Tourism traffic slowed down dramatically following the Sept. 11, 2001 terrorist attack. Lives changed that day; they'll be changed forever.
In terms of tourism that September, the industry and communities dependent upon it saw how quickly it can come to a virtual standstill. Foreign travelers flew less frequently into the United States and Americans opted for vacations within the states more often.
That didn't bode well for overseas destinations, but it also pointed out a potential problem for the American tourism industry. Visitors to the United States are subjected to what some would describe as greater inconveniences through heightened security measures.
Sen. Ted Stevens, as vice chairman of the Senate Commerce Committee, will be a lead Republican in addressing tourism-related issues in the 110th Congress. He is concerned about the decline in the number of foreign travelers to the United States, suggesting there needs to be a balance between promoting travel to the United States and maintaining security measures. Security shouldn't have the effect of discouraging foreign visitors and commerce, he says.
Discover America Partnership released a report, "A Blueprint to Discover America," last week. It outlines the visitor industry's plan to increase foreign travel to the United States, pointing out that the United States is ranked third among top destinations in the world behind Spain and France. The United States claims 6.1 percent of the worldwide visitors share compared to 9.4 percent in 1992.
The plan includes three proposals: fixing the U.S. visa issuance process; modernizing U.S. ports of entry, and creating a permanent tourism promotional campaign.
The plan follows the Secure Travel and Counterrorism Partnership Act introduced in the Senate in January. The act would extend 90-day visa-free travel privileges to U.S. allies in the War on Terror.
The travel and tourism industry is the second largest private-sector employer in Alaska. More than 24,000 workers in the state are employed by the industry. The industry contributes more than $2 billion to the state economy annually.

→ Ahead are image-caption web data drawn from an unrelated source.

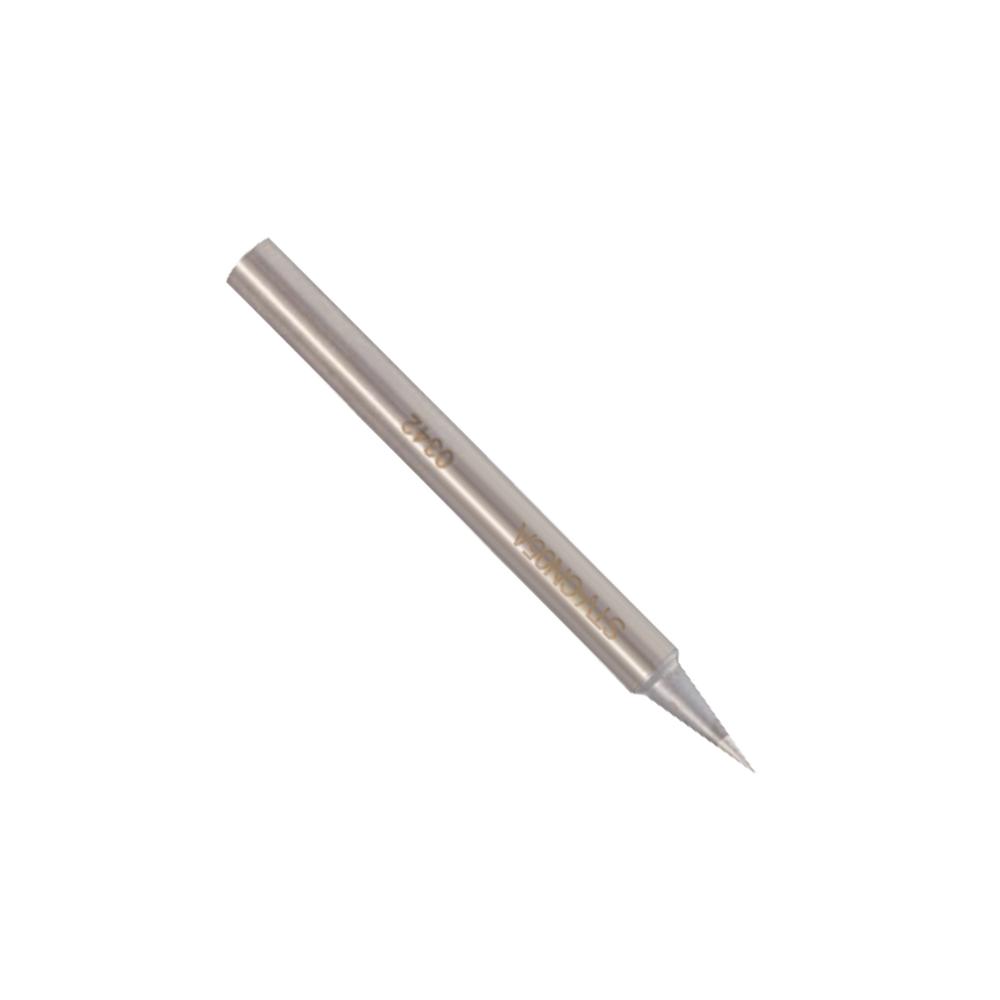 Punta de Soldar C??nica, 0.4 mm (0.016") para estaci??n PS-900.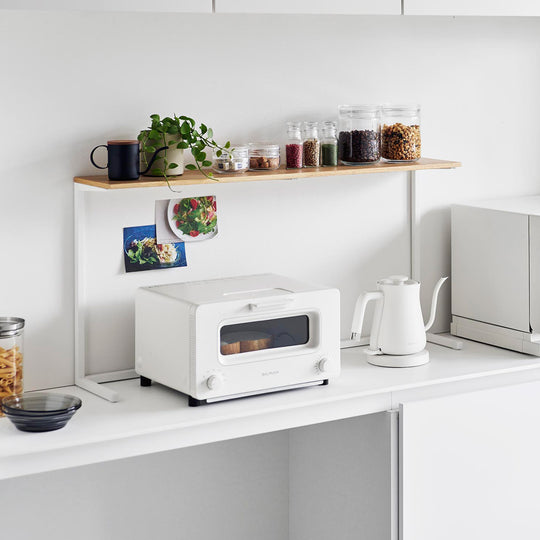 tower（タワー）キッチンカウンター上棚 ホワイト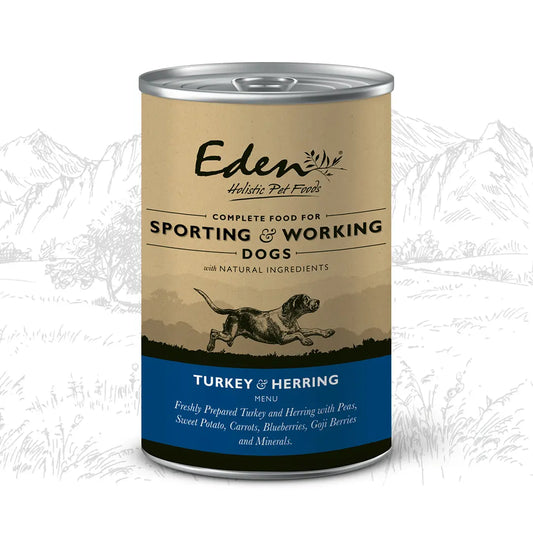 Eden Wet Food for Sporting & Working Dogs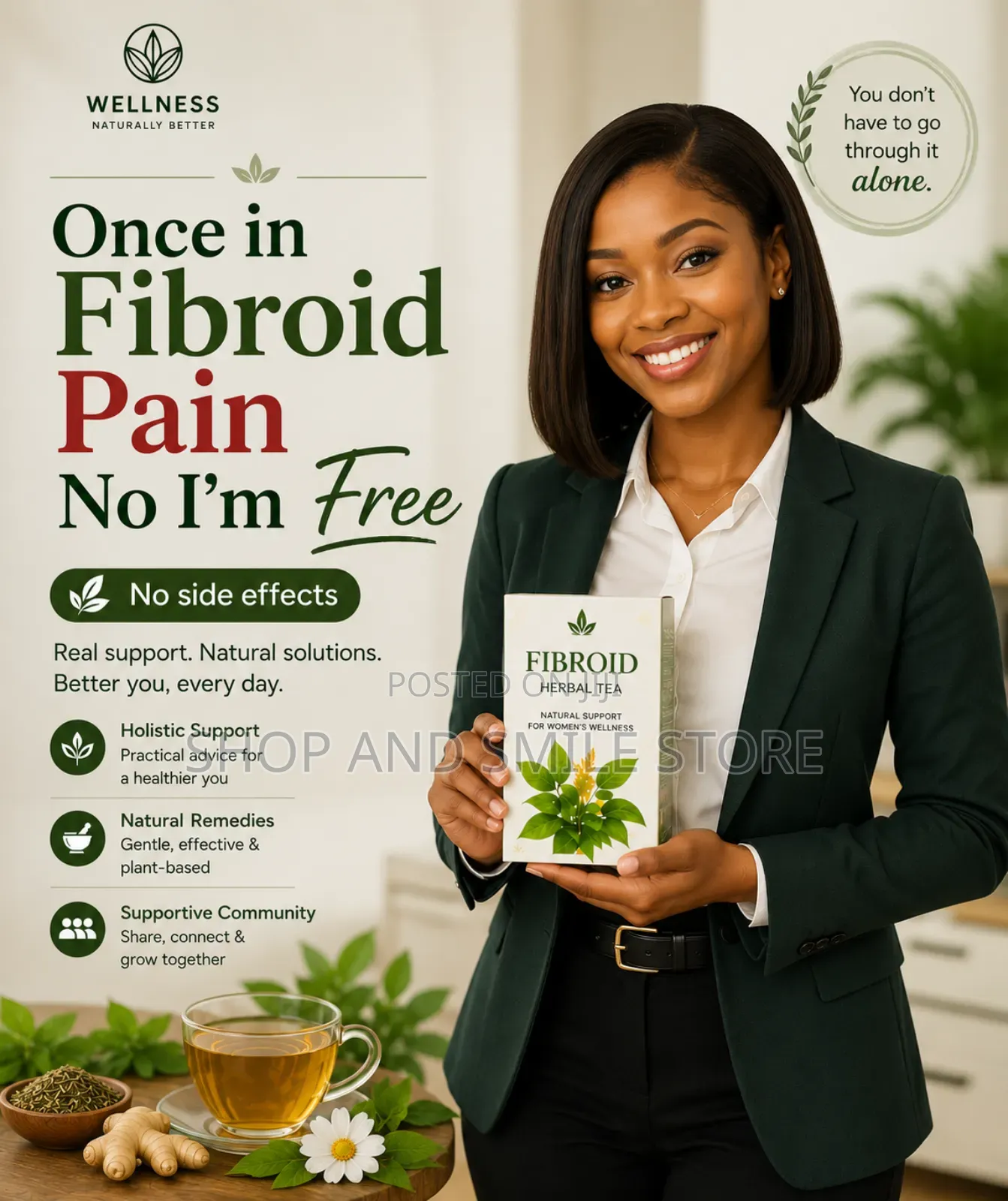 Indian Fibroid Tea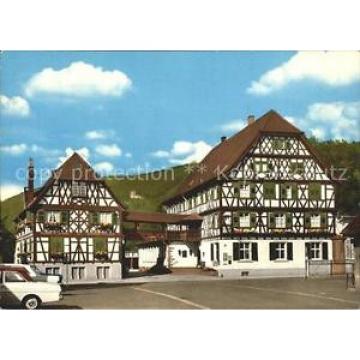 71957262 Oberkirch Baden Hotel Obere Linde Schauenburg Oberkirch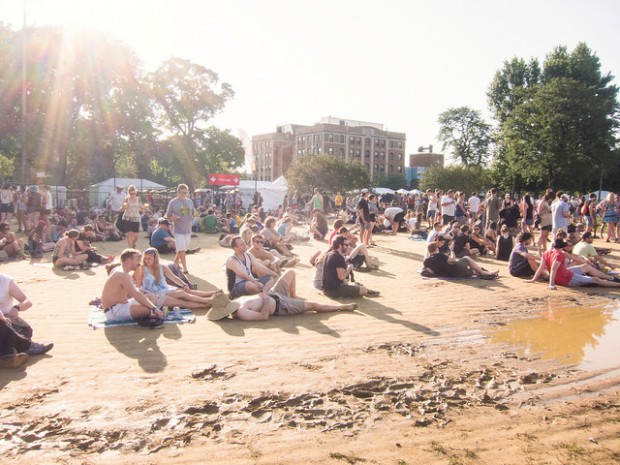 Pitchfork crowd | Photo by Scott Troyan | scotttroyan.com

Ketchikan is expected to experience a 6 percent increase in cruise ship passengers next year, according to McDowell Group. It is estimated that Skagway will have an 8 percent increase and Juneau, 4 percent. An 11 percent increase is projected for Prince Rupert.
Declines are projected for Haines, 36 percent; Sitka, 21 percent, and Wrangell, 17 percent.
The total cruise passenger traffic for Southeast has increased steadily over the past 16 years, topping off at 920,000 in 2006, and is expected to increase to 954,000 in 2007. Those numbers will continue to increase with industry-encouraging legislation.
Government and civic leaders can provide legislation and infrastructure for the industry and tourism-related businesses to operate. But it greatly comes down to the individuals who work in the businesses and the community to speak highly of Ketchikan and Southeast as a whole to attract visitors and then treat them well when they arrive. What they think about their experience here and how visitors tell about it afterward is priceless advertising for Alaska tourism.
Those local efforts combined with the work of civic and government leaders will keep the industry growing and communities like Ketchikan thriving in spite of increased security at U.S. airports, borders and ports. Sept. 11 changed U.S. lives; it doesn't have to ruin them economically, thanks to efforts in the U.S. Senate.